Task instructions:
Your job is to restate each entry word for word.

Exercise data:
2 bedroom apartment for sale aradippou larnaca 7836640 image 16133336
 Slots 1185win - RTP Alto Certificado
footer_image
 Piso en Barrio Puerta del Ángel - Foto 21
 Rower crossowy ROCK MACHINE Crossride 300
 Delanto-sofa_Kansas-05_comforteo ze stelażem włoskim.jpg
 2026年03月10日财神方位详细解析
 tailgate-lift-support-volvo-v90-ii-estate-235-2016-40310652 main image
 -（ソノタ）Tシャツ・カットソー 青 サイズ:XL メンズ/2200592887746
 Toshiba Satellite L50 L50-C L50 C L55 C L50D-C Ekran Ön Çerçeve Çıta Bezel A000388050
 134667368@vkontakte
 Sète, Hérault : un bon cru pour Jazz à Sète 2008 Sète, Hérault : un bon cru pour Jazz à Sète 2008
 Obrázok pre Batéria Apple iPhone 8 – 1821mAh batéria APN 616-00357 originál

Answer space:
2 bedroom apartment for sale aradippou larnaca 7836640 image 16133336
 Slots 1185win - RTP Alto Certificado
footer_image
 Piso en Barrio Puerta del Ángel - Foto 21
 Rower crossowy ROCK MACHINE Crossride 300
 Delanto-sofa_Kansas-05_comforteo ze stelażem włoskim.jpg
 2026年03月10日财神方位详细解析
 tailgate-lift-support-volvo-v90-ii-estate-235-2016-40310652 main image
 -（ソノタ）Tシャツ・カットソー 青 サイズ:XL メンズ/2200592887746
 Toshiba Satellite L50 L50-C L50 C L55 C L50D-C Ekran Ön Çerçeve Çıta Bezel A000388050
 134667368@vkontakte
 Sète, Hérault : un bon cru pour Jazz à Sète 2008 Sète, Hérault : un bon cru pour Jazz à Sète 2008
 Obrázok pre Batéria Apple iPhone 8 – 1821mAh batéria APN 616-00357 originál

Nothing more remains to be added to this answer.